Après plus de 4 ans de négociations, le Conseil de l’Union européenne a annoncé, le 10 février 2021, que ses États membres s’étaient mis d’accord sur la proposition de règlement concernant le respect de la vie privée et la protection des données à caractère personnel dans le secteur des communications électroniques (le « Règlement ePrivacy »).

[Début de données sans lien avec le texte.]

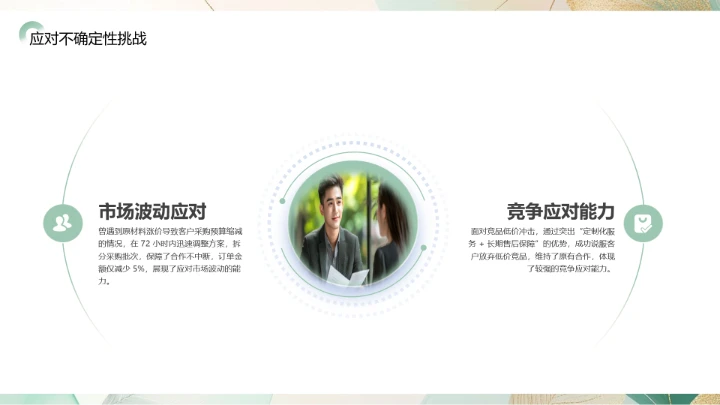 工商管理专业大学生求职个人能力综合展示职业生涯规划PPT模版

La présidence portugaise du Conseil de l’Union européenne doit maintenant entamer les négociations avec le Parlement européen sur ce projet de Règlement ePrivacy.
Une fois entré en vigueur, le Règlement ePrivacy remplacera et abrogera la directive 2002/58/CE sur la vie privée et les communications électroniques.

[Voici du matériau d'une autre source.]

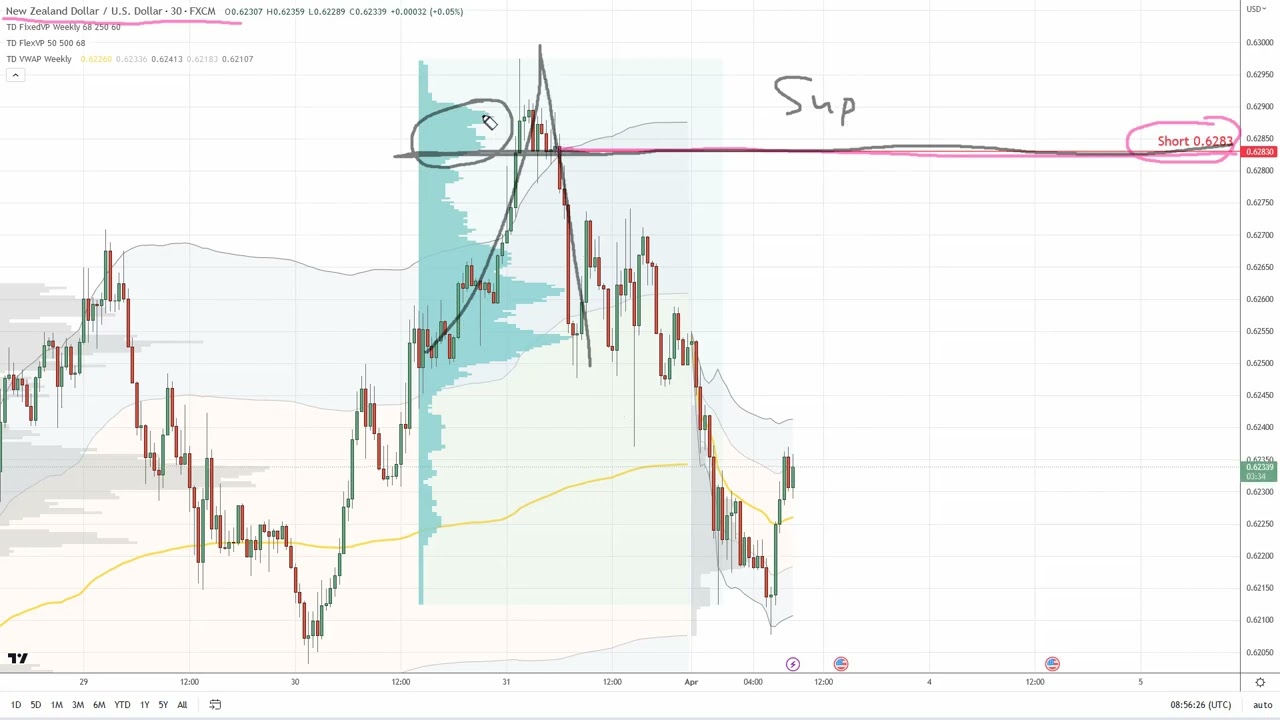 Volume Profile Trading Ideas - 3rd April 2023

La dernière version de ce projet de Règlement ePrivacy publiée le 10 février contient des dispositions relatives aux cookies et à la prospection commerciale.
S’agissant des modalités de recueil du consentement au dépôt de cookies, le projet de Règlement ePrivacy reconnaît que les utilisateurs sont actuellement fortement sollicités par les demandes de consentement sur les sites internet et que cette situation peut conduire à ce que l’utilisateur ne prenne plus connaissance des informations relatives au dépôt de cookies.
Pour anticiper cette situation, le projet prévoit que ce consentement peut être exprimé, lorsque cela est techniquement possible et réalisable, en utilisant les paramètres techniques appropriés des navigateurs. Cependant, cette possibilité de paramétrage via le navigateur semble atténuée par l’article 4.a) du projet qui affirme la prévalence du choix exprimé par l’utilisateur pour chaque site (par exemple via un bandeau cookies) sur les choix exprimés via les paramètres du navigateur.
D’autre part, le projet de Règlement ePrivacy ne met pas un terme aux « murs de cookies » mais conditionne leur existence.
La pratique des « murs de cookies » consiste à bloquer l’accès à un site internet pour l’utilisateur qui ne donnerait pas son consentement au dépôt de cookies. Pour rappel, la CNIL avait tenté d’interdire leur utilisation mais a été censurée par le Conseil d’Etat.
Dans la dernière version du projet, l’utilisation de « murs de cookies » par un site internet ne serait possible que pour les sites internet accessibles gratuitement à condition que les utilisateurs se voient proposer par l’éditeur dudit site un site équivalent n’impliquant pas un dépôt de cookies pour y avoir accès.
Cette disposition reviendrait donc en pratique à obliger les acteurs à créer de façon parallèle un site payant qui les exonérerait de l’obligation du dépôt de cookies.
S’agissant de la prospection commerciale, le projet de Règlement ePrivacy interdit l’envoi électronique de messages commerciaux sans avoir recueilli préalablement le consentement de l’utilisateur personne physique.
Dans le cas où l’utilisateur a préalablement acheté un bien ou un service, la prospection commerciale est possible sans consentement préalable uniquement si elle concerne des produits ou services analogues à ceux déjà achetés et si l’utilisateur se voit offrir la possibilité de s’opposer facilement et gratuitement à cette prospection. Pas de changement donc sur ce point par rapport à la doctrine de la CNIL.
Le projet du Règlement ePrivacy devant encore être négocié avec le Parlement européen, les mesures indiquées ci-dessus peuvent encore évoluer. Pour l’instant, la date des premières négociations n’est pas déterminée. Le projet de Règlement ePrivacy prévoit actuellement une entrée en application deux ans après sa publication au Journal Officiel de l’Union européenne.